« on: November 16, 2010, 06:24:54 AM »
It shall be interesting to see what the sensors will be like in the coming future. Many seems to like the pixel count reduced to increase S/N ratio, much like Nikon's philosophy. However, ideal pixel size is not really easy to state. Large pixels are indeed less noisy on high ISO, but you cannot trust as much on averaging as you can with higher resolution either. I personally believe that high resolution is a valuable feature, ideally I'd like optics and airy disc be the limiting factor on resolution, not image sensor -- assuming there's not too much compromising with noise and dynamic range. With postprocessing algorithms like lens correction, perspective correction, sharpening etc it's great to have a capture at or beyond optics limits so postprocessing is possible without reducing actual resolution.

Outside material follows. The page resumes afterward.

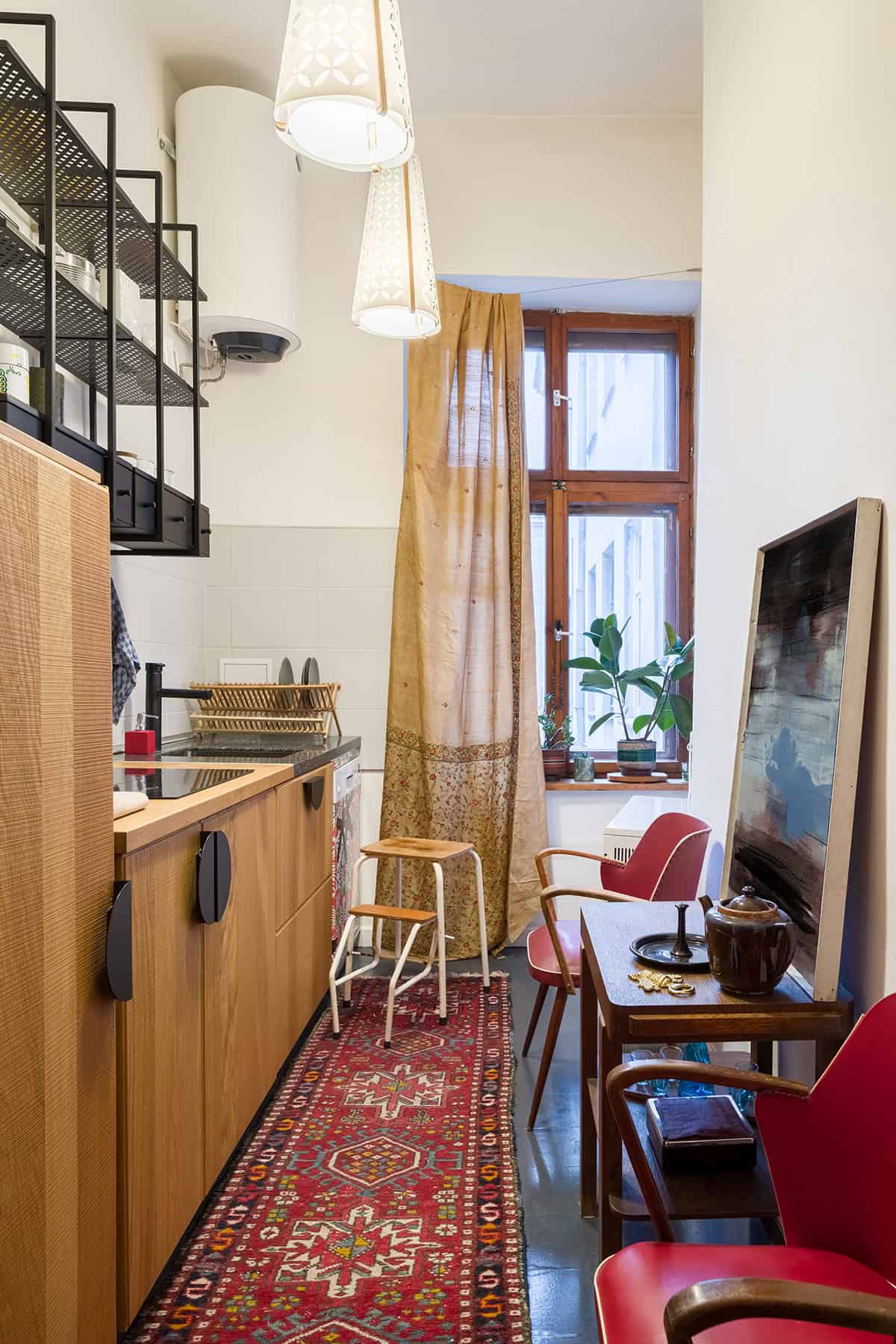 Eclectic Narrow Kitchen with Rug and Vintage Accents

I'd like to see new techniques with having multiple simultaneous readouts. If electronic shutters could be made better one could get several shutter times at once, great expanding dynamic range, like bracketing but in one shot. With multiple amplifiers one could read out at low ISO and high ISO simultaneously, and mix them to get lower shadow noise in low ISO images (where read noise tends to be higher than corresponding high ISO readout darkened to the same light level as the low ISO readout). With these techniques combined the RAW files would get extremely large though. DSLRs are quite large though, so I think the size should be used to pack in high performance electronics, large memory buffers etc.

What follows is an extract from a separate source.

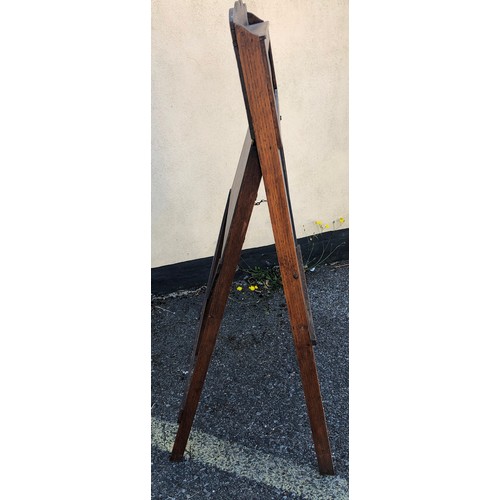 6051 - A child's easel 117cm high, 58cm wide. 48cm deep overall, with chalkboard, interior storage section ...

Oversized ram buffer, and option to write to two CF cards simultaneously would be great, to maintain full RAW speed for many seconds. Design the camera so that you are not tempted to use JPEG to get more performance - RAW should be fast enough to be possible to use in all situations. Actually, I think it would be cool with a RAW-only camera too, or at least be able to turn off all JPEG-related features and settings to clean up the user interface.
And yes, radio flash controller should be standard by now. IR/flash triggering feels really really low tech.
It also like to see some new ideas on how to make photo inspection better, something more/smarter than histograms. I'm not sure what, but it feels a bit limited currently, at least for I as an amateur, still it happens that mistakes are not discovered until I look at the photos on a computer screen.
Oh, better remote triggering too. It should be standard to be able to modify ISO, aperture, shutter speed from the remote, in these days of HDR...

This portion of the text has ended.